▶ What the task asks: Print the line containing "-mYSTEPS健身运动馆(古北店)" and all lines after it to the end of the records below, exactly as written. No pictures.
__________________________________________________
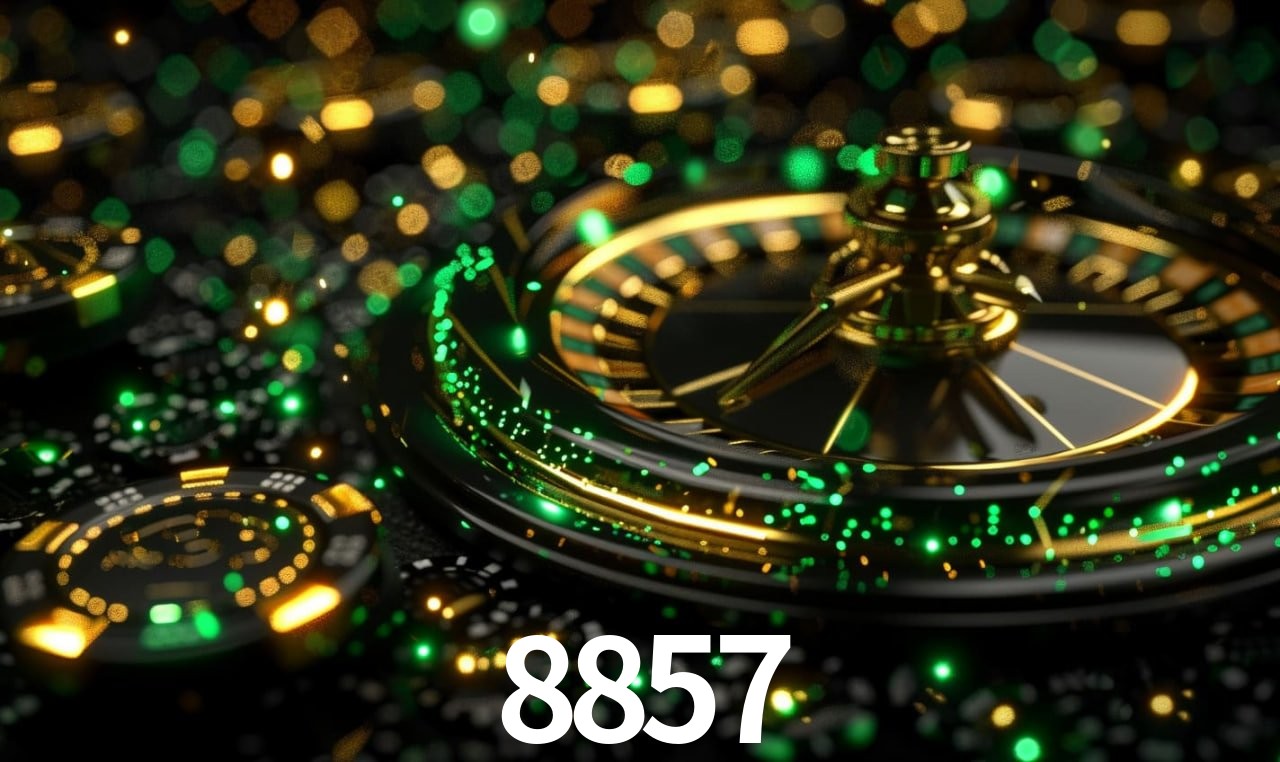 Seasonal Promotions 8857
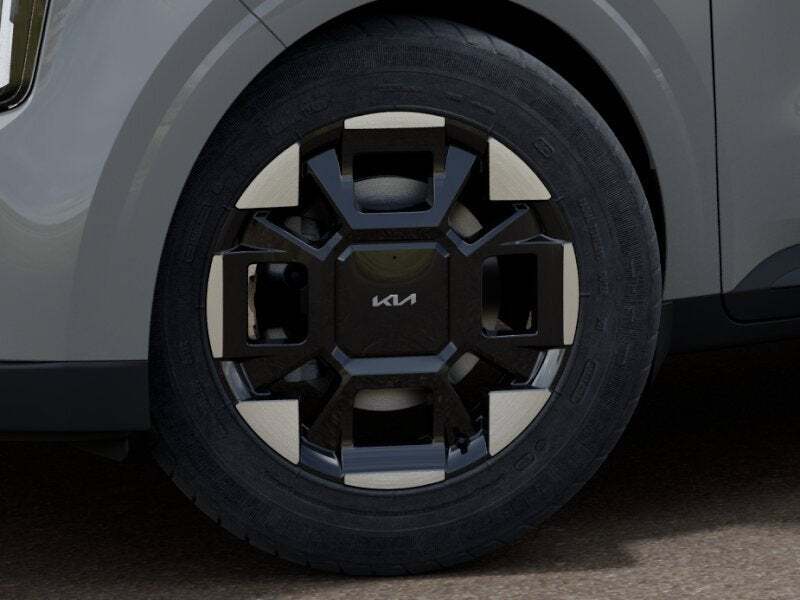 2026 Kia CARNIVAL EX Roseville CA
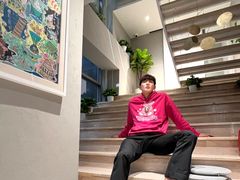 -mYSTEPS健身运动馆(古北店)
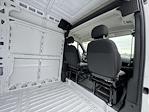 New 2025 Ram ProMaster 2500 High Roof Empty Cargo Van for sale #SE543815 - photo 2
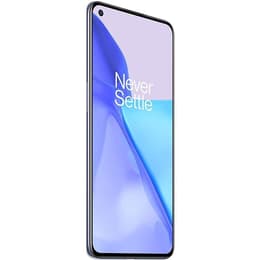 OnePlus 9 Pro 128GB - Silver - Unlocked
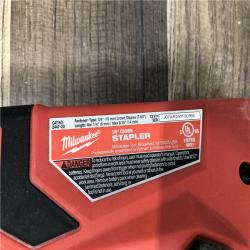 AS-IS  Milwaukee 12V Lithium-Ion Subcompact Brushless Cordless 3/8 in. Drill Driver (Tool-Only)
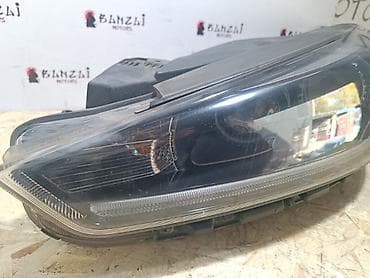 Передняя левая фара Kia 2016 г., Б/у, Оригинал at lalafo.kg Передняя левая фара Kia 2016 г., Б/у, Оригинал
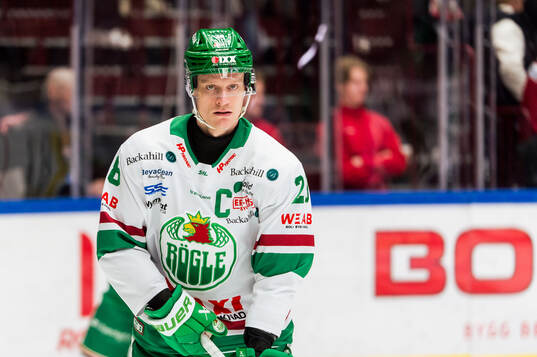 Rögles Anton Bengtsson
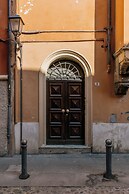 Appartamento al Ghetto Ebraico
__________________________________________________
▶ Task answer:
 -mYSTEPS健身运动馆(古北店)
 New 2025 Ram ProMaster 2500 High Roof Empty Cargo Van for sale #SE543815 - photo 2
 OnePlus 9 Pro 128GB - Silver - Unlocked
 AS-IS  Milwaukee 12V Lithium-Ion Subcompact Brushless Cordless 3/8 in. Drill Driver (Tool-Only)
 Передняя левая фара Kia 2016 г., Б/у, Оригинал at lalafo.kg Передняя левая фара Kia 2016 г., Б/у, Оригинал
 Rögles Anton Bengtsson
 Appartamento al Ghetto Ebraico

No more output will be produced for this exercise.